The Freedom Party won 27 percent of the vote in Austria’s elections last October, becoming the country’s second largest party and the strongest far- right force in Europe.

The party ran on an anti-immigrant, law-and-order platform. Haider, the son of Nazi sympathizers, won notoriety in past years by praising aspects of Hitler’s Nazi Reich. He has repeatedly apologized for the remarks.

Haider’s resignation did not impress foreign leaders.

Israel, which withdrew its ambassador to Vienna even before the new government was sworn in, said it would not return its envoy.

Asked if the ambassador would return, Foreign Minister David Levy told reporters Tuesday, “Unequivocally, no.”

The prime minister of Portugal, whose country holds the rotating E.U. presidency, was also far from impressed by the resignation.

“The problem is not Jorg Haider, but what his party represents,” Anotonio Guterres said Tuesday.

A spokesman for the German Foreign Ministry was skeptical that the resignation would be enough to change the European Union’s isolation of Austria, adding, “Our position is unchanged.”

The United States said it would closely monitor developments.

Haider’s resignation “doesn’t change our concerns. The Freedom Party is still part of the government,” said State Department spokesman James Rubin.
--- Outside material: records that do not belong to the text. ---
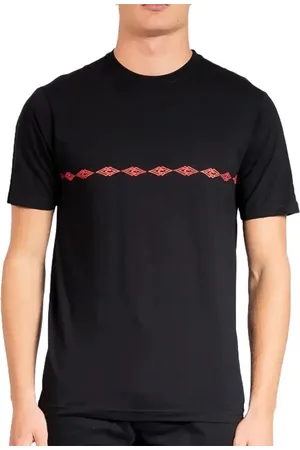 Rip Curl Camiseta New Secondary Custom SM25 Masculina Black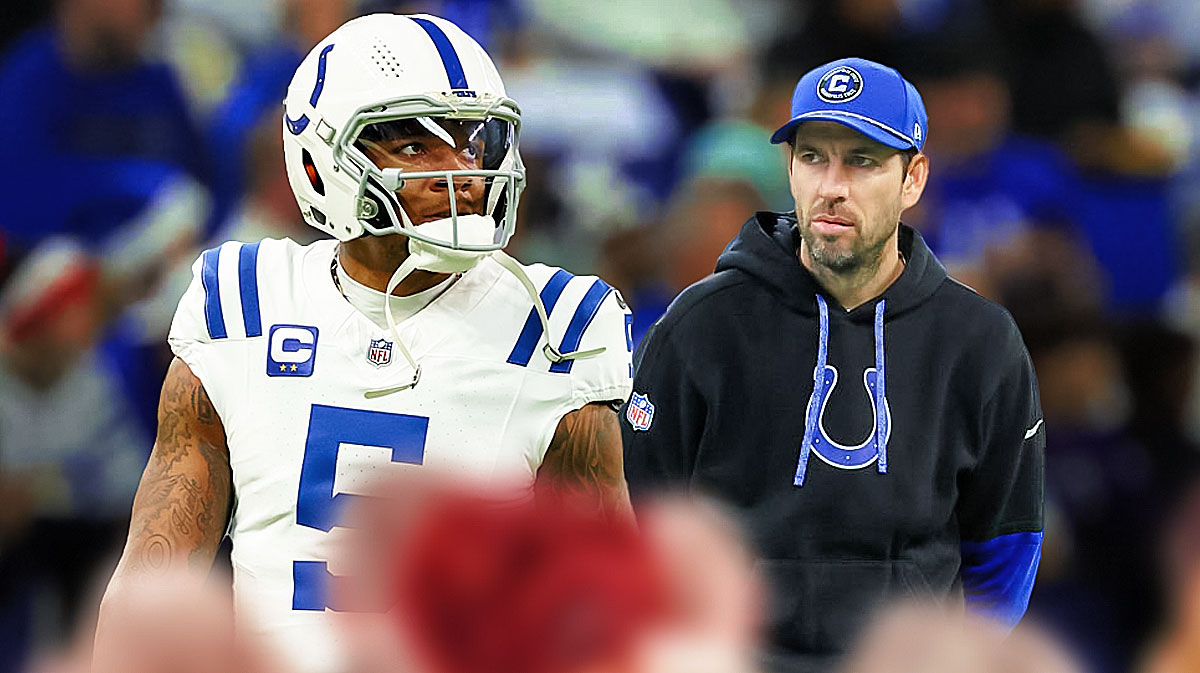 Why Anthony Richardson isn&#8217;t the long-term answer at quarterback for the Colts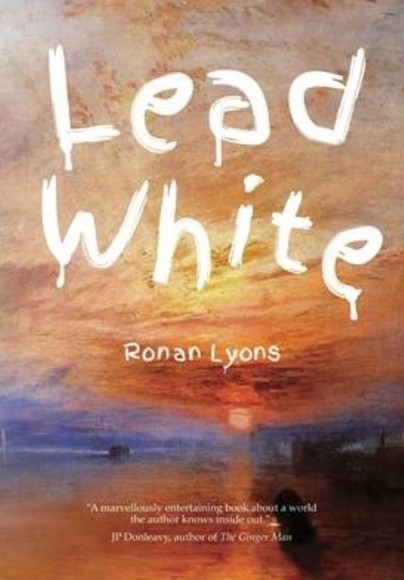 Lead White Cover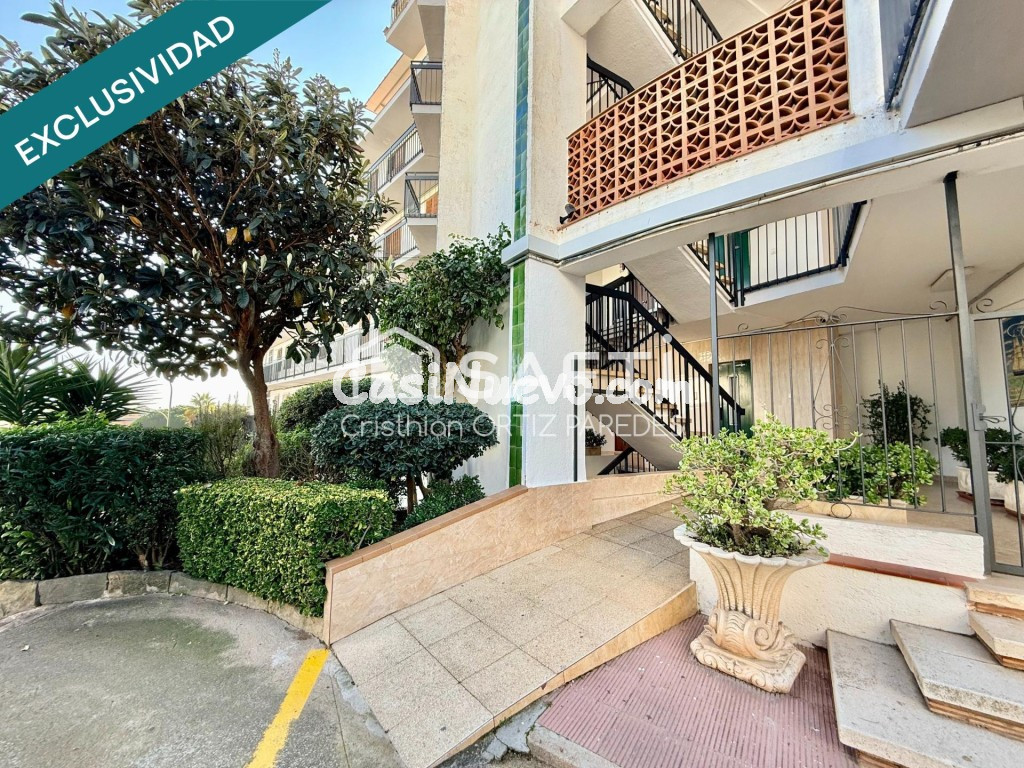 se vende piso de 1 hab con piscina con parking - foto 9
“We will react swiftly and firmly to any statements or actions suggesting sympathy with Nazi-era policies, or that express racism, xenophobia or anti- Semitism,” he said.

Haider denied that he was stepping down as the result of political pressure.

“We are accustomed to making our own decisions,” he said.

For most Austrians, the charismatic 50-year-old politician is the embodiment of the FPO.

Haider took over party leadership in 1986 and, with his populist policies playing on xenophobia and promising a return to traditional values, transformed the party from a minuscule political force into the country’s second largest party.

He said his resignation was intended to dispel speculation that he was pulling the strings from Carinthia, but friends and foes alike said Haider certainly will continue to wield political power.

“His influence will still be felt in the party — and this is for the good,” Peter Sichrovsky, an FPO member of the European Parliament and one of the few Austrian Jews known to support the party, told the BBC.

He called foreign reaction to Haider “hysteria” that “no one takes seriously.”

Sichrovsky, who before he associated with Haider authored a best-selling book, “Born Guilty,” about the children of Nazis, praised Haider and the FPO for “ending a thoroughly corrupt regime.”

“Change is the basis of democracy,” he said. “We are the second and third generations after the war — we are responsible for our democracy.”

Many commentators said Haider’s decision could actually be designed as a means for him to consolidate power.

Vienna’s conservative Die Presse newspaper called it a shrewd move that would enable him to distance himself from unpopular government decisions such as planned tax increases and to position himself for the next election, due within four years.

BBC correspondent Katya Adler agreed, noting that while the FPO made a strong showing as an opposition party, it so far has made “a feeble impression in government, breaking several of its key election promises, such as not to increase taxes or raise the minimum pension age.”

By remaining nominally based in Carinthia, Haider can also disassociate himself from errors committed by the FPO ministers in government, who have been branded “a gang of amateurs” by opponents.